Ian Hannam, known for his significant influence in mining mergers and acquisitions, expressed his disappointment in a London High Court hearing, asserting that his firm, H&P Advisory, is owed payment for its considerable efforts in facilitating the merger, which took place in 2018.
H&P is seeking up to $18 million from Barrick Gold, whose partnership with Randgold established it as the largest gold producer in the world at that time. The case, slated to be reviewed over ten days, is shedding light on the typically confidential interactions between corporate leaders and their financial advisors during major mergers.
During the hearing, Hannam stated that the deal, which he had dubbed “British Rail,” would not have been possible without his involvement. He also expressed shock at seeing the name of Wall Street banker Michael Klein’s firm mentioned in the merger announcement, while H&P was not acknowledged. “I never believed we were being pushed out until the announcement,” he remarked.
Barrick Gold’s legal representatives, led by George Spalton KC, firmly denied Hannam’s allegations. They maintained that discussions about a potential merger had been ongoing for several years and contended that there is no written evidence to substantiate H&P’s claims for a fee.
In his testimony, Hannam insisted he was instrumental in uniting two key figures in the mining sector: Mark Bristow, CEO of Randgold, and John Thornton, then head of Barrick, who now serve as CEO and Chair of the merged company, respectively. He also mentioned an agreement in which H&P would receive at least a $10 million fee, asserting they deserved more than Klein’s firm would be compensated.
Barrick’s lawyers countered that the documentation H&P presented to support their claim was internally generated by less senior staff who were not involved in the negotiations.

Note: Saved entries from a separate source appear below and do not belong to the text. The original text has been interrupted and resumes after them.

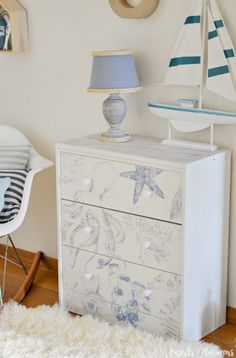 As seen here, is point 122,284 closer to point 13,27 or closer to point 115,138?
point 115,138

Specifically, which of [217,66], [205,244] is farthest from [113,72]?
[205,244]

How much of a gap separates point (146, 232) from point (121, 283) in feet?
0.89

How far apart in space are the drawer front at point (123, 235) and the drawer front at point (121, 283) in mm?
37

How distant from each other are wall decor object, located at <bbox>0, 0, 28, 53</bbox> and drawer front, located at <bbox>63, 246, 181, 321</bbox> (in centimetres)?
104

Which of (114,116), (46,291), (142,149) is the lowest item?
(46,291)

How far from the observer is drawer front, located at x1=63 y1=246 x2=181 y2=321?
104 inches

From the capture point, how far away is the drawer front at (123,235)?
2.59m

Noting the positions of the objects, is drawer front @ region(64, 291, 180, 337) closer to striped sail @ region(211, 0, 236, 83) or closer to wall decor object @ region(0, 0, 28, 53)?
striped sail @ region(211, 0, 236, 83)

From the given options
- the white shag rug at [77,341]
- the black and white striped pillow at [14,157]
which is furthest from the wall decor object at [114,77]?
the white shag rug at [77,341]

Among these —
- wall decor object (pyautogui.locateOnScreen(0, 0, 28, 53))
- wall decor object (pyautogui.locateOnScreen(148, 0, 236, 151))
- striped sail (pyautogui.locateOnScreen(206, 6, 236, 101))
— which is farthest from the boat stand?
wall decor object (pyautogui.locateOnScreen(0, 0, 28, 53))

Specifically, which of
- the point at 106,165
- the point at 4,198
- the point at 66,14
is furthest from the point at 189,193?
the point at 66,14

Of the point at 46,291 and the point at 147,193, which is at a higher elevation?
the point at 147,193

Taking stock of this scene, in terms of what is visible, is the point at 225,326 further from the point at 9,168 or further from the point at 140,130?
the point at 9,168

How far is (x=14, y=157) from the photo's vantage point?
3117 mm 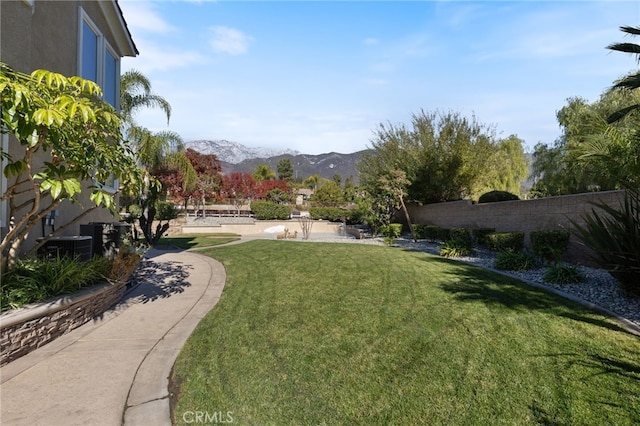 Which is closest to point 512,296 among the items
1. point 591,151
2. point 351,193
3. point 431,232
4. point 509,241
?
point 591,151

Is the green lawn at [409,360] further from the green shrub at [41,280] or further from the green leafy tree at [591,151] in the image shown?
the green leafy tree at [591,151]

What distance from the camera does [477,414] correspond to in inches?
119

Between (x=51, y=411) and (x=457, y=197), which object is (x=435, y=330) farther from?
(x=457, y=197)

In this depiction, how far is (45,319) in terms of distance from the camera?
Answer: 450cm

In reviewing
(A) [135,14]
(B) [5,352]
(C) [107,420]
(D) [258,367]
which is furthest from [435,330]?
(A) [135,14]

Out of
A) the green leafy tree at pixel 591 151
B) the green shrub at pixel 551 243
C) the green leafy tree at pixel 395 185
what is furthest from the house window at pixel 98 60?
the green leafy tree at pixel 395 185

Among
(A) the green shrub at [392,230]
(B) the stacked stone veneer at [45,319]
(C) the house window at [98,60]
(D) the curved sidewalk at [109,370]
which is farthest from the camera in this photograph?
(A) the green shrub at [392,230]

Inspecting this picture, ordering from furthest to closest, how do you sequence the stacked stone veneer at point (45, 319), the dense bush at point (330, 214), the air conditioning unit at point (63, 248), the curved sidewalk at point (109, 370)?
the dense bush at point (330, 214) → the air conditioning unit at point (63, 248) → the stacked stone veneer at point (45, 319) → the curved sidewalk at point (109, 370)

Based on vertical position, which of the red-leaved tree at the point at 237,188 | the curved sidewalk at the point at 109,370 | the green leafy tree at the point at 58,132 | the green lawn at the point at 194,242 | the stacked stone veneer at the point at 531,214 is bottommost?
the curved sidewalk at the point at 109,370

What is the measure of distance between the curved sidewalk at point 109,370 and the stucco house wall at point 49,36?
2523 millimetres

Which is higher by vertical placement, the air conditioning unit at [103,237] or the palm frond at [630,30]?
the palm frond at [630,30]

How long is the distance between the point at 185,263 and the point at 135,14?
26.0 feet

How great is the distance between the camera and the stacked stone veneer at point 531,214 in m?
9.07

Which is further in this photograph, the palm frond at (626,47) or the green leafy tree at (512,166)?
the green leafy tree at (512,166) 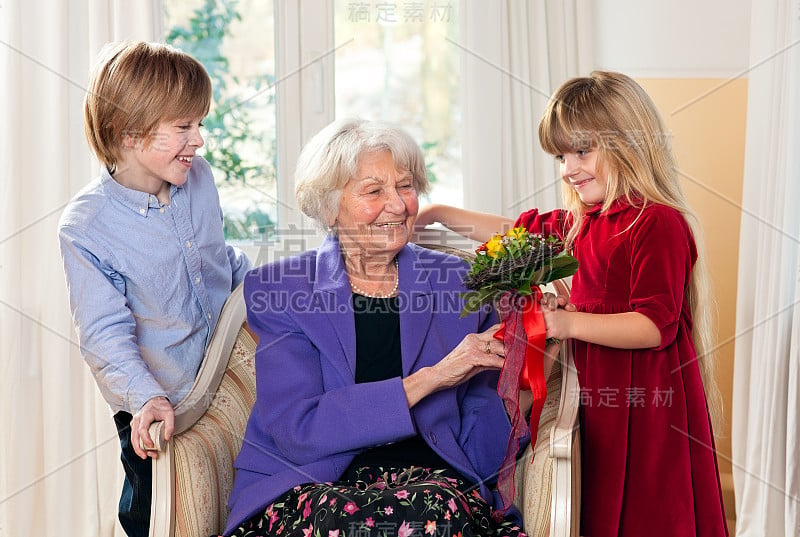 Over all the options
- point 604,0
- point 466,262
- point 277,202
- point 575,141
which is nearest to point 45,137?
point 277,202

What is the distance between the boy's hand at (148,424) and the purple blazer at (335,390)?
0.23 meters

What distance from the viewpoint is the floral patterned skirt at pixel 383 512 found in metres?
1.70

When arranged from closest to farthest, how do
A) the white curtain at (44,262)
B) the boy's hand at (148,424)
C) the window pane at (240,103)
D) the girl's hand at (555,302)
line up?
the boy's hand at (148,424) < the girl's hand at (555,302) < the white curtain at (44,262) < the window pane at (240,103)

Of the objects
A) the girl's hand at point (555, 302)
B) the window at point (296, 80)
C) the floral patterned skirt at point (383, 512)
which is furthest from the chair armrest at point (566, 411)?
the window at point (296, 80)

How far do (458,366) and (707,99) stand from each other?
2.04 m

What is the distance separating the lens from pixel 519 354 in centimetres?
186

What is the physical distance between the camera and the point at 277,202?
3.48 meters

Hannam, who previously worked at JPMorgan, faced regulatory action in 2012 when he was fined £450,000 for market abuse related to insider information. He later received a favorable ruling from an appeals tribunal, stating that his actions were solely in the interest of his client without any dishonest intentions.
Hannam’s track record includes involvement in several notable mining transactions, notably the public offerings of Billiton, which later merged with BHP, and Xstrata’s acquisition by Glencore, marking one of the largest mergers in mining history.